= Directions for this task =
Transcribe the listing below verbatim, omitting pictures.
Stored data: Begin
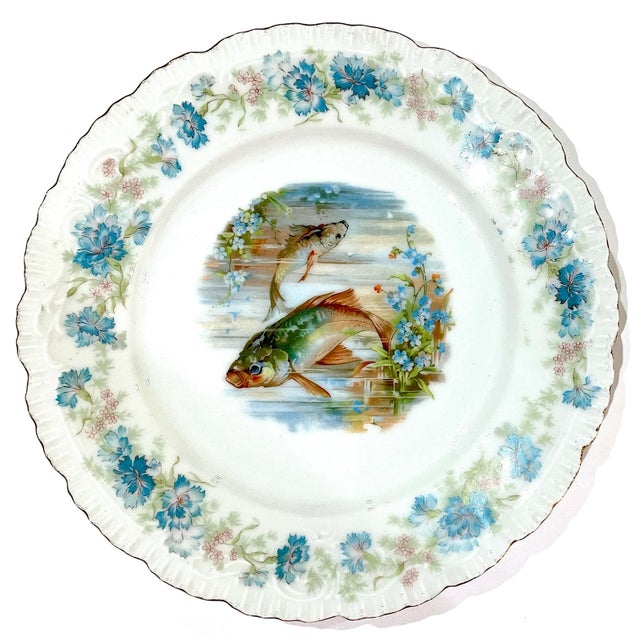 Shabby Chic Antique Edwardian Porcelain Fish Service for Eight - Joseph Schachtel, Germany- 9 Pieces For Sale - Image 3 of 12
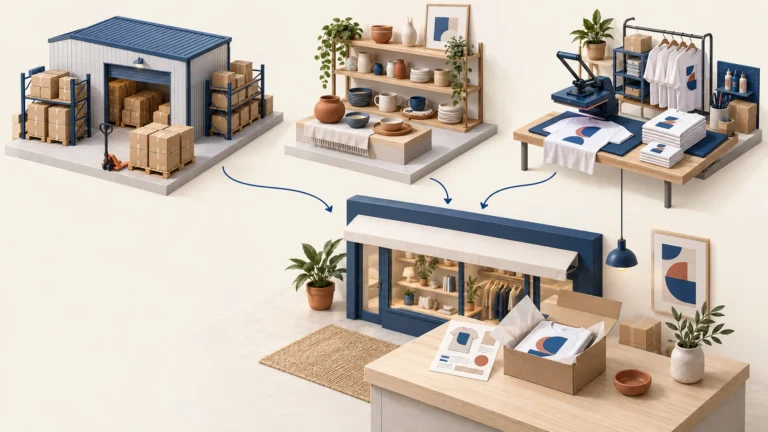 Three supplier models connect a merchant storefront to stocked goods, brand products and print production.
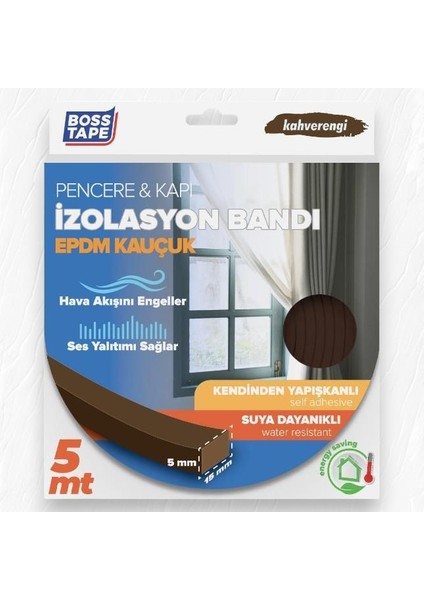 Epdm Kauçuk Pencere Kapı İzolasyon Bandı 5 mm x 15 mm x 5 mt Kahverengi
Stored data: End
= The answer =
 Shabby Chic Antique Edwardian Porcelain Fish Service for Eight - Joseph Schachtel, Germany- 9 Pieces For Sale - Image 3 of 12
 Three supplier models connect a merchant storefront to stocked goods, brand products and print production.
 Epdm Kauçuk Pencere Kapı İzolasyon Bandı 5 mm x 15 mm x 5 mt Kahverengi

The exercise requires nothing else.